Month: May 2011

  • FUN in the PARK

    Welshmill Park, Frome

    Saturday 21st May, 12 till 4pm

    Frome Recreation and Open Grounds Supporters (FROGS) have got through the first stage for a £50,000 grant to improve Welshmill park and the bid includes a bike track, natural play features, woodland trails, etc, but there is a lot to do before the deadline in September.

    We are running a Consultation event on Saturday 21st May, because we need to hear people’s views, and also gather evidence to include in our bid.

    Please come along!  Bring your bikes!  No hard work involved.  I will put up a gazebo and be organising a few bike games involving balloons, water pistols and tightropes. The idea is to attract people to Welshmill and sample their views about what they would like to see in the space.

    All help will be very welcome, so why not pop by? Fill in a questionaire! Help with the activities! Talk to people about the loveliness of biking in general and bike tracks in Frome in particular!

  • Dig Day this Sunday!

    Having generated a pretty good TO DO list at the last Dig Day we’ll be working our way through it with our main focus being to build a new Slam Berm on Spoons, in the style of WEEEEEEEEBOING (see photo). There’ll be an opportunity to scope out some new features on Puppets (top and bottom) and BBMS (at the bottom) too.

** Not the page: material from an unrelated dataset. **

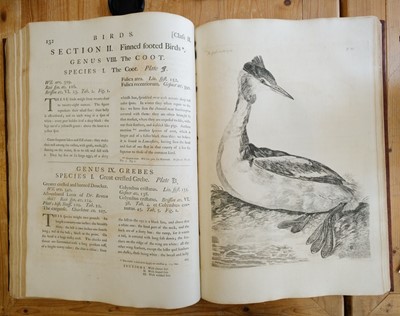 Lot 65 - Pennant (Thomas). The British Zoology. Class I. Quadrupeds. II. Birds..., 1766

    We’ll spend some time planning out the new XC Blue Descent too, marking out the trail corridor, and even clearing some of it if we get enough helpers.

    We’ll also be looking to add to the TO DO list with any new trail or feature ideas as the day goes on.

    So that’s Sunday 10- 4.

    See you there!

  • Big Bang Theory

    Last Thursday night three bike riders (I won’t use the word cyclist it would be an exaggeration) set off on a jaunt around the hills of Blagdon and Black Coombe.

    We started out after a protracted journey due to road closures, and when we finally arrived were subjected to watching Malcolm screw even more bits onto his classic GT Timberline (1993)….prompting me to almost rip the allen key from his hand.

    Well eventually we set off down Loves Lane (no really..it’s not a euphemism) to get to the bottom of the coombe, involving chucking our steeds over a couple of gates…which is where the trouble began.

    I dropped the trusty Duster over the second gate, which was immediately followed by a loud bang and the rim dropping to the ground.

    Dave nearly wet himself with laughter, and proposed that it was the enormous weight of my Alfine hub that had caused the tube to explode.

    Personally I think it may just have been a dodgy tube…and was glad that it happened whilst stationary rather than on the cheese-grater style rocks of the coombe.

    Any which way I was more than a little disappointed as it was a new Slime Tube that had just gone bang, and there certainly wasn’t any self-healing going on.

    So off came the tyre, and out sprayedpoured the entire tubes worth of slime, what a mess…new tube in and off we set with me now looking like Shrek and the Duster having an interesting brown to green fade paint job.

    The rest of the ride was far more fun with dry, dusty rocky descents mixed with a few whoops and steep climbs through the woods and massive grins all round.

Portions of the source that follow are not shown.